=== EXERCISE DETAILS ===
Below is a listing to copy exactly; no image goes into the copy.

=== SUPPLIED RECORDS ===

● ● ● ● ● ● ●

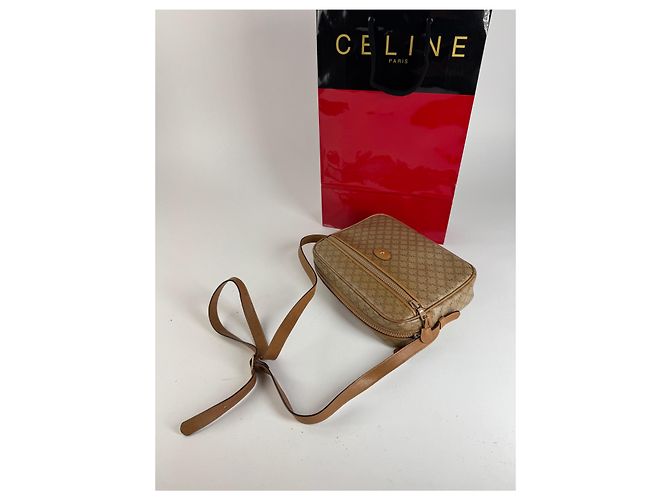 Céline Vintage Celine Monogramm Leder Triomphe Tasche beige - Ansicht 9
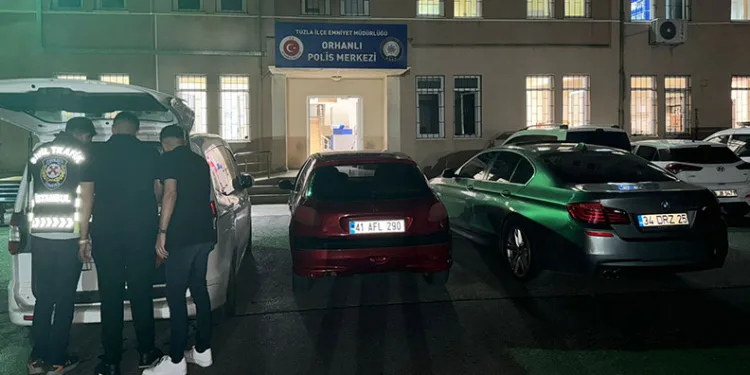 Düğün konvoyu yaparak yolu kapatan sürücülere ceza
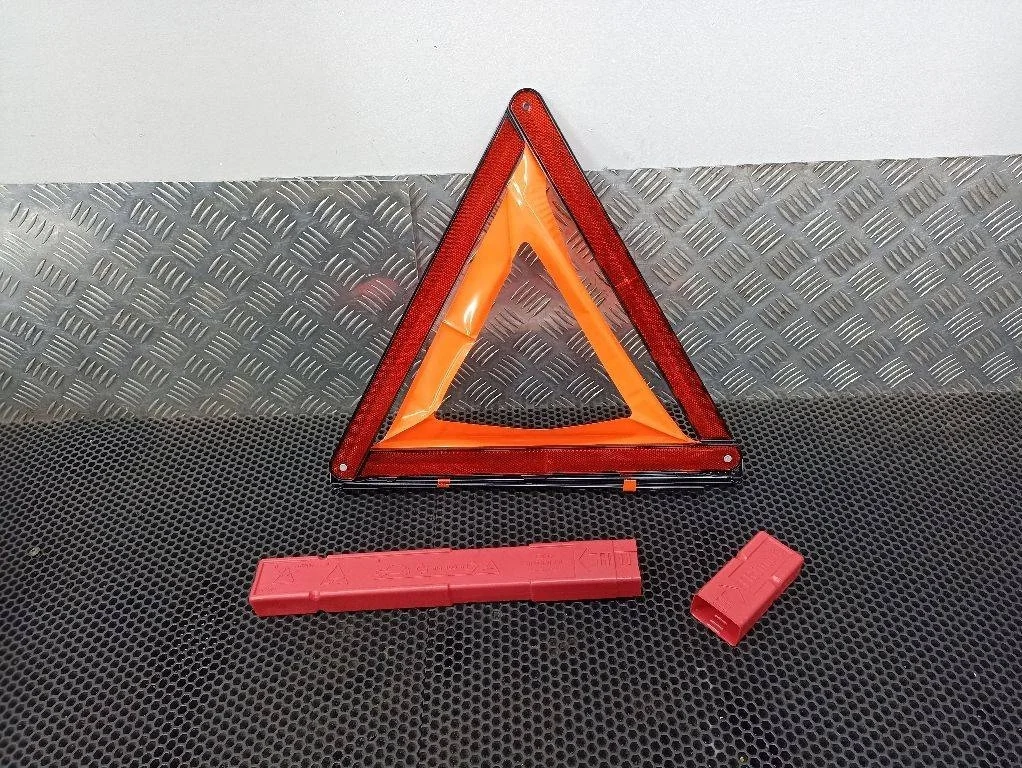 Знак аварийной остановки Volkswagen Touareg 2 2014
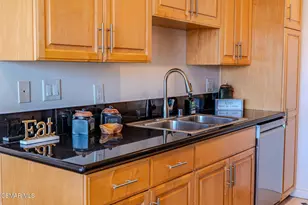1021 5th St, Santa Monica, CA 90403 - Photo 12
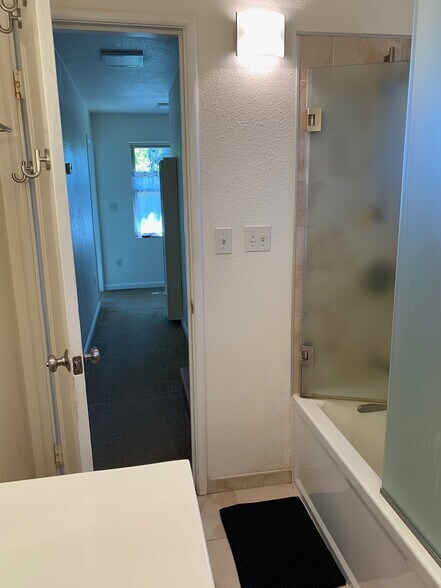 Bathroom, 2nd floor - 1635 Derby St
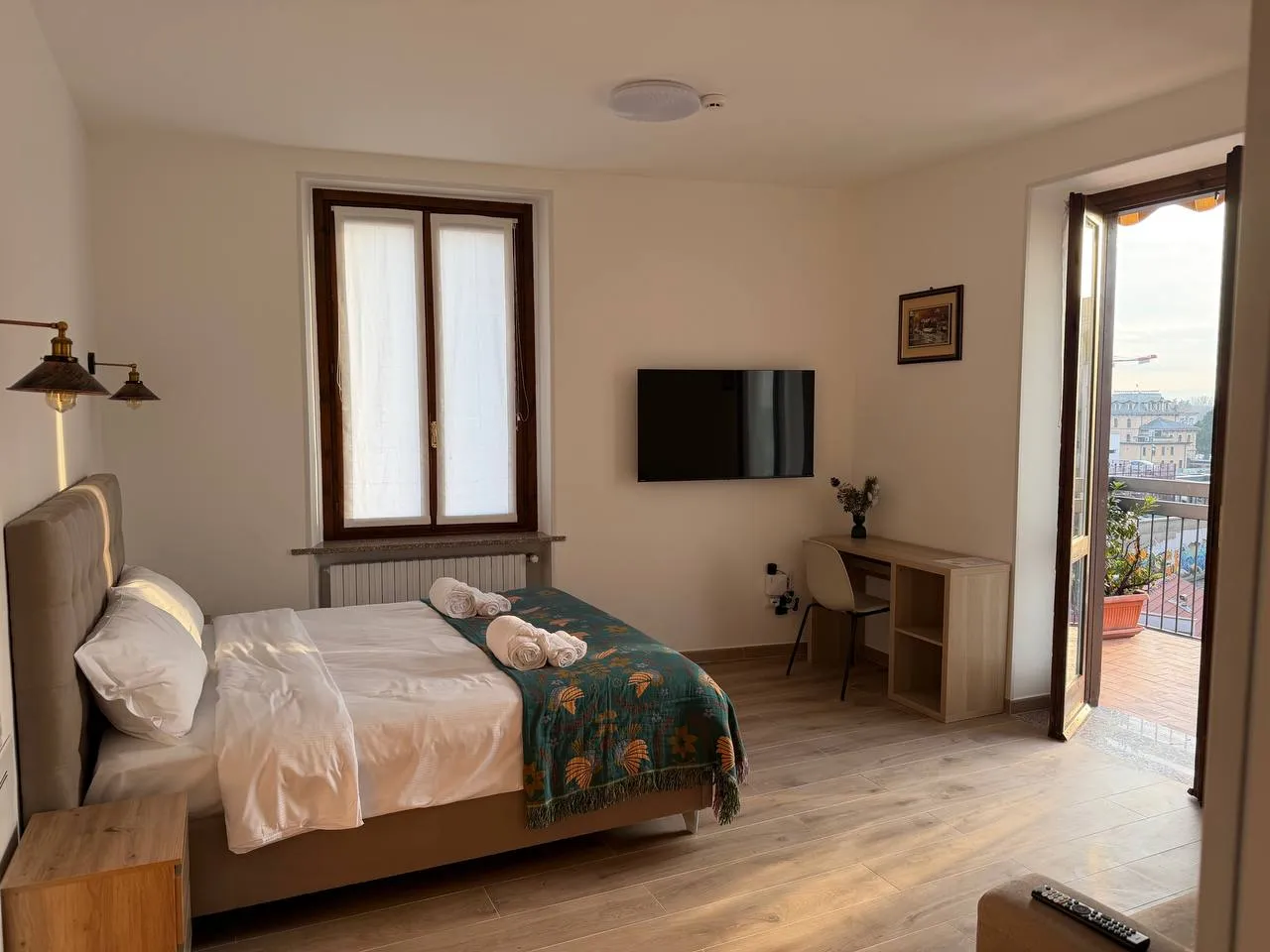 Tramonto at The Moment, Bergamo — bedroom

● ● ● ● ● ● ●

=== SOLUTION TO THIS TASK ===
 Céline Vintage Celine Monogramm Leder Triomphe Tasche beige - Ansicht 9
 Düğün konvoyu yaparak yolu kapatan sürücülere ceza
 Знак аварийной остановки Volkswagen Touareg 2 2014
1021 5th St, Santa Monica, CA 90403 - Photo 12
 Bathroom, 2nd floor - 1635 Derby St
 Tramonto at The Moment, Bergamo — bedroom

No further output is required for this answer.